▶ [WHAT THE EXERCISE ASKS] What appears from the first line of the data below through the line containing "Jogo Xícaras De", both included, should be copied exactly, and nothing else.

Records drawn from a dataset:
____________________

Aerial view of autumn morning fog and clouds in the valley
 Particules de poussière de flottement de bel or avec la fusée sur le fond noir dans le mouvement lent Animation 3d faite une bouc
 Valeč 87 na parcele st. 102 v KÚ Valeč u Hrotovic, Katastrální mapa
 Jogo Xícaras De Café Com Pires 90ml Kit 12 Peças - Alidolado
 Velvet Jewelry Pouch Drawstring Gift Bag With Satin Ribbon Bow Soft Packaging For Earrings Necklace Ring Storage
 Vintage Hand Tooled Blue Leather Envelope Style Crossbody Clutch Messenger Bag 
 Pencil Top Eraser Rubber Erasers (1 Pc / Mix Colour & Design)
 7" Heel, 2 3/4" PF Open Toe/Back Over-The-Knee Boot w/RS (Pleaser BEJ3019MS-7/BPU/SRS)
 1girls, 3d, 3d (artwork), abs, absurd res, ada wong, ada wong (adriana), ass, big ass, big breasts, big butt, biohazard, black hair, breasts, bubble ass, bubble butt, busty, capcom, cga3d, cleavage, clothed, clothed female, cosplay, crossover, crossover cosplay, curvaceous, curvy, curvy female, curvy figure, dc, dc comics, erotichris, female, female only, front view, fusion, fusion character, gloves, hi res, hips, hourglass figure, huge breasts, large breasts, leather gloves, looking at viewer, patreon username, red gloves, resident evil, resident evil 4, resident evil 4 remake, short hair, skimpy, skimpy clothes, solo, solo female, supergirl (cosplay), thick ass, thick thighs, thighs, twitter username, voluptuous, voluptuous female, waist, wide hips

____________________

▶ [ANSWER BOX]
Aerial view of autumn morning fog and clouds in the valley
 Particules de poussière de flottement de bel or avec la fusée sur le fond noir dans le mouvement lent Animation 3d faite une bouc
 Valeč 87 na parcele st. 102 v KÚ Valeč u Hrotovic, Katastrální mapa
 Jogo Xícaras De Café Com Pires 90ml Kit 12 Peças - Alidolado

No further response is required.